Address barriers in smaller markets for financial inclusion

businessdailyafrica.com 3 days ago

The potential for mobile money and digital payments to drive financial inclusion is immense. We can see this potential being unlocked in Africa as it accounts for 70 percent of the world’s $1 trillion mobile money value and registered a 12 percent growth in mobile money accounts to 1.75 billion in 2023.

This is opening a number of new opportunities for economic growth and development as more robust and connected payment networks are breaking down geographical barriers, opening up access to new markets and enabling anyone to send and receive payments quickly and easily from and to anywhere in the world.

However, these significant benefits are largely being realised and felt in Africa’s larger, and key, markets such as Nigeria, South Africa, and of course Kenya- where mobile money was first launched and popularised on the continent.

While these markets have reached greater levels of digital payments maturity, smaller and more underdeveloped markets are often passed over, leaving many still excluded from economic participation and financial freedom.

And yet, the truly transformative power of mobile money and digital payments can be most realised in these overlooked economies where the reliance on cash, a lack of traditional bank accounts due to limited infrastructure and access, and the substantial penetration of smartphones and increasing internet connectivity has created the ideal confluence of circumstances that will pave the way for a more inclusive and resilient financial future.

The biggest drivers of mobile money adoption in Africa is its accessibility and ease of use. Unlike traditional financial services, there’s largely no need for extensive paperwork, a credit and financial history, or a physical presence within a brick-and-mortar branch to gain access to these services.

This low barrier to entry, along with mobile money’s ability to enable economies beyond just transactions and empower both individuals and enterprises, makes it particularly impactful for underserved markets.

Within these regions, mobile money and the digital payments ecosystem has the power to serve as catalysts for economic growth, poverty reduction, and enable marginalised communities with the financial freedom to manage their day-to-day lives, start or expand their businesses, and invest in their futures.

It’s important that all levels of an economy work towards achieving the crucial objective of financial inclusion. Collaboration is a key component in creating and maintaining an environment that creates more opportunities for inclusive growth and ensures economic resilience.

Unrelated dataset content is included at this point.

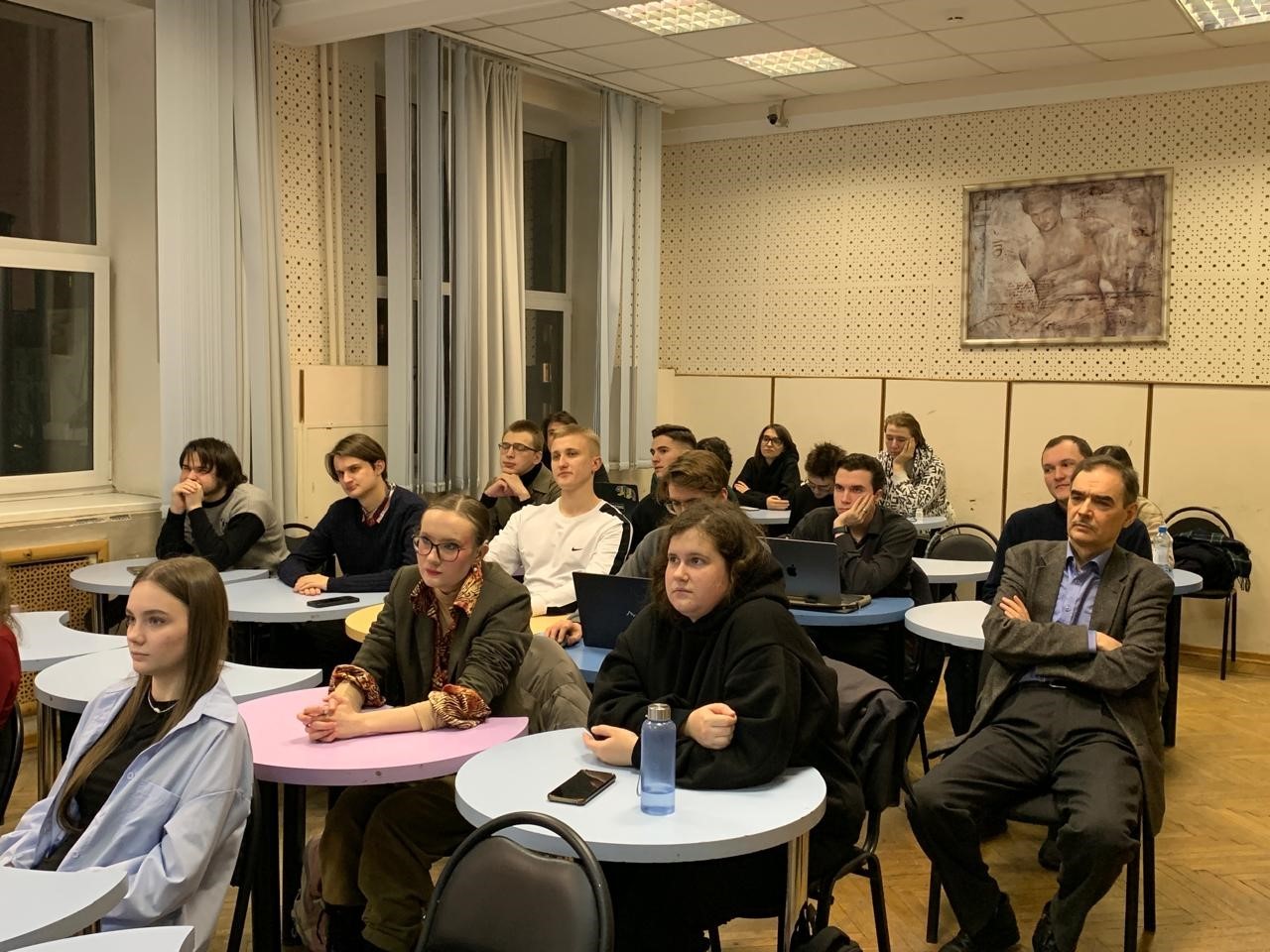 О.И. Зазнаев провел мастер-класс для студентов-политологов Российского государственного гуманитарного университета О.И. Зазнаев провел мастер-класс для студентов-политологов Российского государственного гуманитарного университета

Not only do governments play a pivotal role in developing and implementing the policies and regulations that foster a supportive framework for financial services, but investment from both the public and private sectors are essential to building the necessary digital payments infrastructure that will underpin financial inclusion on the continent.

Meanwhile, fintech firms can continue to drive innovation in this space that will achieve the desired convenience, speed and accessibility within the payments space.